═══ DATASET EXTRACT
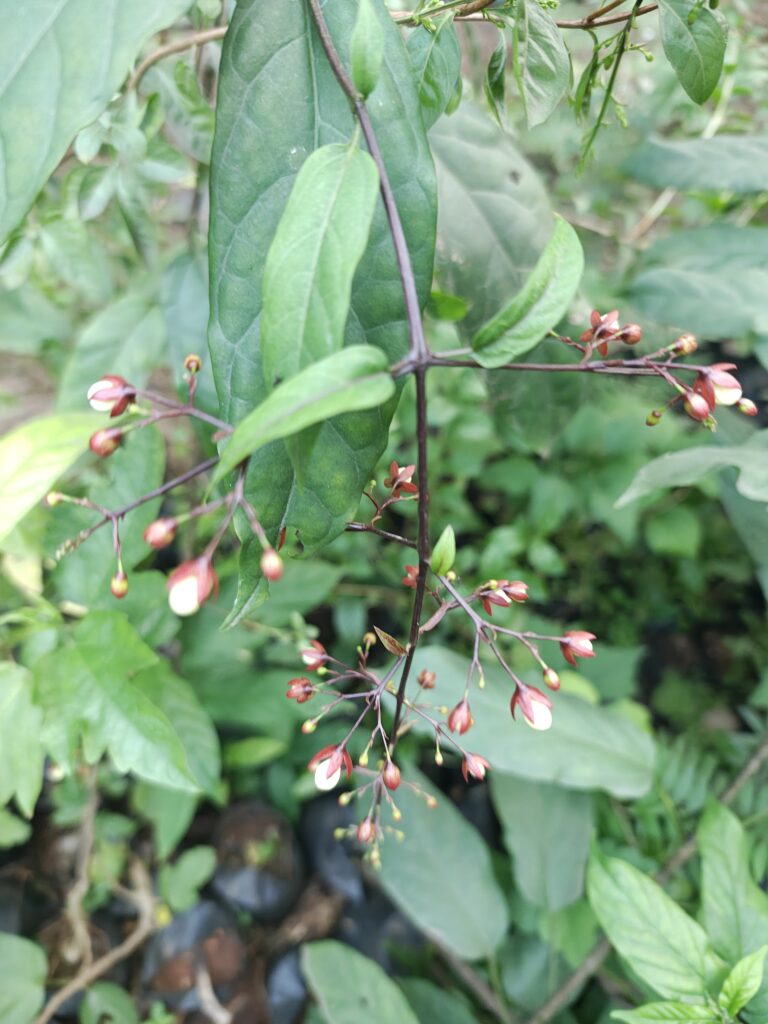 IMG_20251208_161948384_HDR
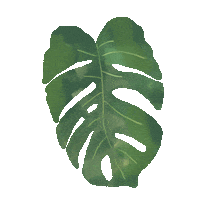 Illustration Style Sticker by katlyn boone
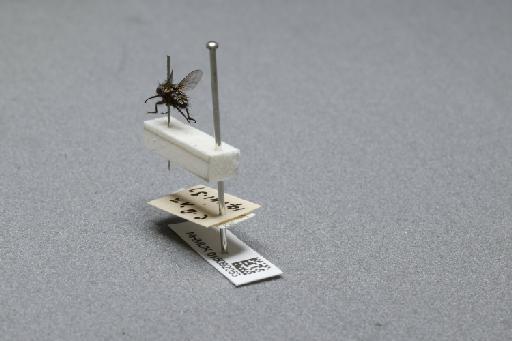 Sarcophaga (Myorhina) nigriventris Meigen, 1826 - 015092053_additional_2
══════
(INSTRUCTIONS FOR THE TASK) Please reproduce the data above word for word, skipping all images.

(RESPONSE FOR THIS EXERCISE)
 IMG_20251208_161948384_HDR
 Illustration Style Sticker by katlyn boone
 Sarcophaga (Myorhina) nigriventris Meigen, 1826 - 015092053_additional_2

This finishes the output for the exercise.